Shorefront awarded two-year grant for its preservation of the city’s Black history
February 18, 2021
Shorefront Legacy Center was awarded a two-year grant from The Andrew W. Mellon Foundation Wednesday for its archives and local reparations research initiatives.
“Shorefront’s two-year grant will increase engagement within the local Black communities,” a Shorefront press release read. “The grant will support Shorefront’s work in collections care, programming activities, publications, the African American Heritage Sites Program and research efforts involving local reparations.”
The press release said the two-year grant will allow Shorefront to build upon 25 years of educational and outreach initiatives. Additionally, Shorefront can expand its archive collections with a focus on Haitian and Jamaican communities and invest in additional preservation and security measures.
Evanston historian and Shorefront founder Dino Robinson established the center in 1995 to preserve artifacts and educate residents on suburban North Shore Black communities. Evanston City Council honored Robinson last week by naming a part of Church St. after him.
Robinson’s work at the Shorefront providing historical documentation of discriminatory policies in Evanston has furthered the city’s reparations program, according to aldermen.
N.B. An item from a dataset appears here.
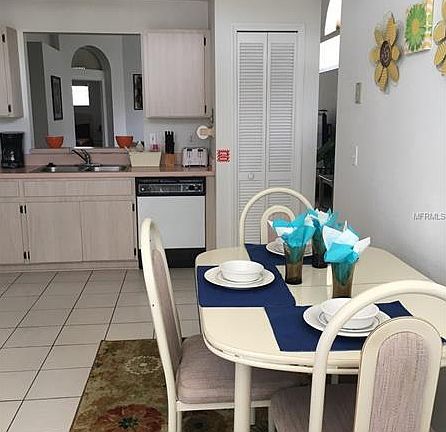 4th image of 2920 Dickens Cir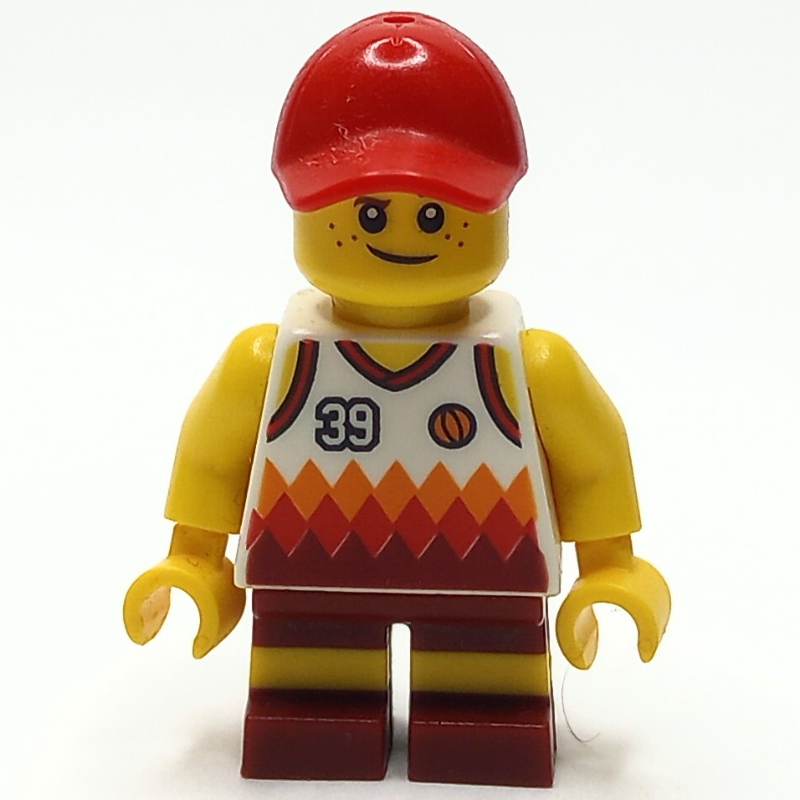 Garçon, maillot de basketball blanc et rouge foncé avec inscription '39', short rouge foncé, casquette rouge (Boy, White and Dark Red Basketball Jersey with '39', Dark Red Shorts, Red Cap)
He has also started Evanston’s African American heritage sites program, as well as the annual Black History Makers program.
“(Robinson’s) vision is that Black history should be common knowledge,” Shorefront Board President Chip Ratliff said during public comment at last Monday’s City Council meeting. “He has spent the last 25 years working hours that some of us might not even imagine, or possibly even have in our bodies and souls, pointed towards making sure that Black history on Chicago’s suburban North Shore is kept.”